Space Rorschach

One Way Up: U.S. Space Plan Relies on Russia,” a front-page story by John Schwartz in The New York Times today, should last in our collective imagination for a long time.  On a day when the stock market reeled yet again (at a retirement dinner I went to tonight, a retiree quipped that the market was retiring along with him) and the campaigns moved into attack mode, we heard that there’s A Gap in the U.S. space program that will run from 2010 to at least 2015.

During the Gap, the U.S. will have to rely on the Russian space program for transport to the International Space Station.

What this story says about our national outlook depends on who is doing the looking.  Some commenters seem bent on reading the story as encouragement to demonize Russia, missing the sub-point that there’s a lot of honor in space and among scientists.   As a quote towards the end of the article points out, “there is a longstanding etiquette: you do not mess with the safety of humans in space.”

Some see the Gap as a huge, sudden symbol of American decline.  Some see the story as a moment to crow that America has actually been in decline and without real scientific imagination for a long time.  Some are using the story as an opportunity to point out that private enterprise will have the answers, not NASA (even if that won’t be completely true for a while).  Some see a future of golden cooperation in space travel predicted here - we can’t do it alone.

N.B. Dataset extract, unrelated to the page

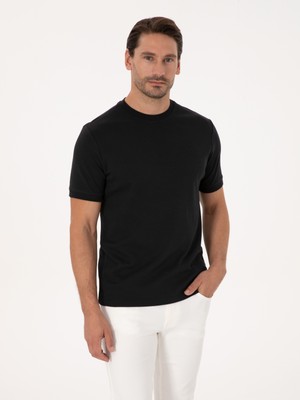 Cacharel Erkek Siyah Regular Fit %100 Pamuk Bisiklet Yaka Basic T-shirt 50319801-VR046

I spent the day pulling together all the elements I could think of for a next-Administration tech policy menu, in preparation for a session later this week.  Just as prone to preconceptions as everyone else is, I mentally bent the story into the shape I wanted:  “Depending on someone else for transport puts innovation and economic growth at risk.

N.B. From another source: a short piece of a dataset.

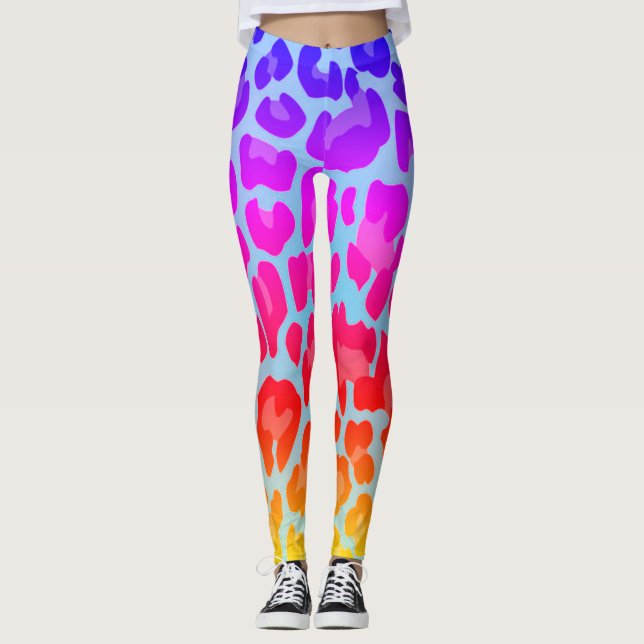 Rainbow Leopard Print Leggings (Vorderseite)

Maybe that’s the wrong lesson to take from that story.  It may be more meaningful to note that this story, coming at this time, won’t spark outrage.  By contrast, almost exactly 51 years ago, the idea that the Russians were beating us into space launched a thousand educational initiatives and investments - and ultimately drove funding towards what became the internet.

As I’ve written in the past, it was then that the USSR launched Sputnik, the first artificial earth satellite.

On February 7, 1958 (just a few months later, and arguably directly in response to the launch of Sputnik), the U.S. Department of Defense issued directive 5105.15 establishing the Advanced Research Projects Agency (ARPA).

Four years later, J.C.R. Licklider was chosen to run ARPA computer research. Read The Dream Machine for the rest of the story.

Now, all we can do is squabble, point fingers, bemoan various things - and there doesn’t seem to be much hope of a collective, well-led response back towards public investment in space and/or other basic infrastructural research.

Now, that could be wrong.  New leadership could emerge in this next administration that cared about super-charged investment in long-term technical initiatives.

I’m ready with my wish-list, and I’ll start posting the menu items tomorrow.  Meanwhile, contemplate space, the apparent global recession, and the many different ways to read a Times story.